You can understand the conflict in the proper context instead of falling for a false sense of balance ("historical bad blood"). Do American Indians have "historical bad blood" with white settlers? In a disingenuous sense, yes. But it's more correct to say that the Indians are aggrieved at the conquest and loss of their lands than to imply it's some sort of "Hatfield and McCoy" situation where they've just "always been killing each other."
It would've been bad for the Jews had more of them been within Hitler's grasp, yes. But why should the Palestinians pay the price? Would you give up half of your country to the Tutsi to save them from the Hutus? Why not?
In the world we live in, the Soviets decided to take over Eastern Europe, create a bunch of puppet states, and bus in a bunch of Russians. It still seems bad to me that local languages are spoken and that Russians face discrimination. Knowing that Soviet tanks rolled through the streets in the 1940s doesn't change my opinion much.
You can't just arbitrarily draw a line and ignore all history before that point and expect to understand anything.

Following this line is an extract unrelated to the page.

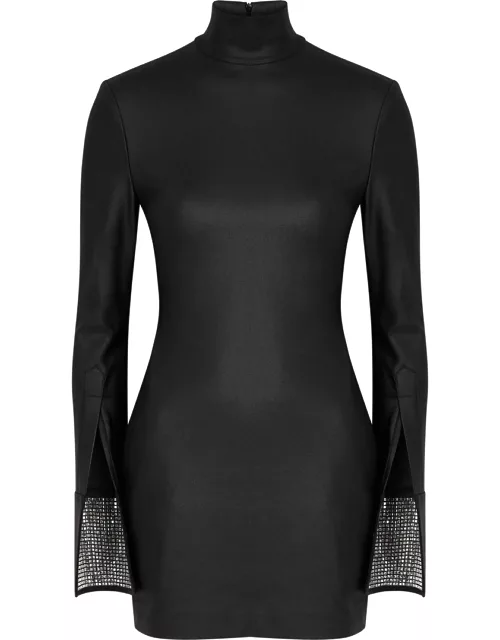 Black embellished stretch-jersey mini dress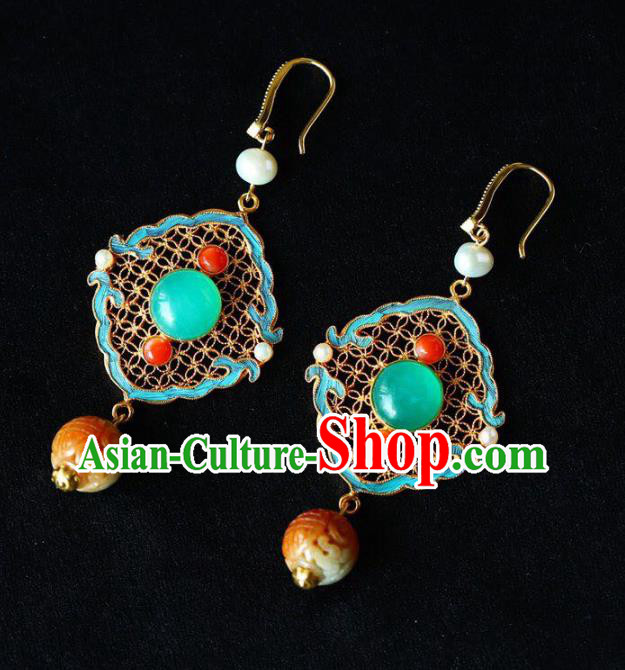 Handmade China Jadeite Eardrop Jewelry Traditional Qing Dynasty Accessories National Cheongsam Earrings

I'm not on favor of affirmative action or reparations, for example, but I would never deny that to understand black Americans you'd need to know about slavery, Jim Crow, the Civil Rights era, effects of Great Society, crack epidemic, etc. It would be foolish to simply say "blacks and whites have always hated each other, blacks are rioting in the streets and whites aren't, ergo blacks bad." It's more complex than that and context matters.
My point is that the historical context helps with understanding, but that it doesn't really help me much on what action to take or what policy to pursue.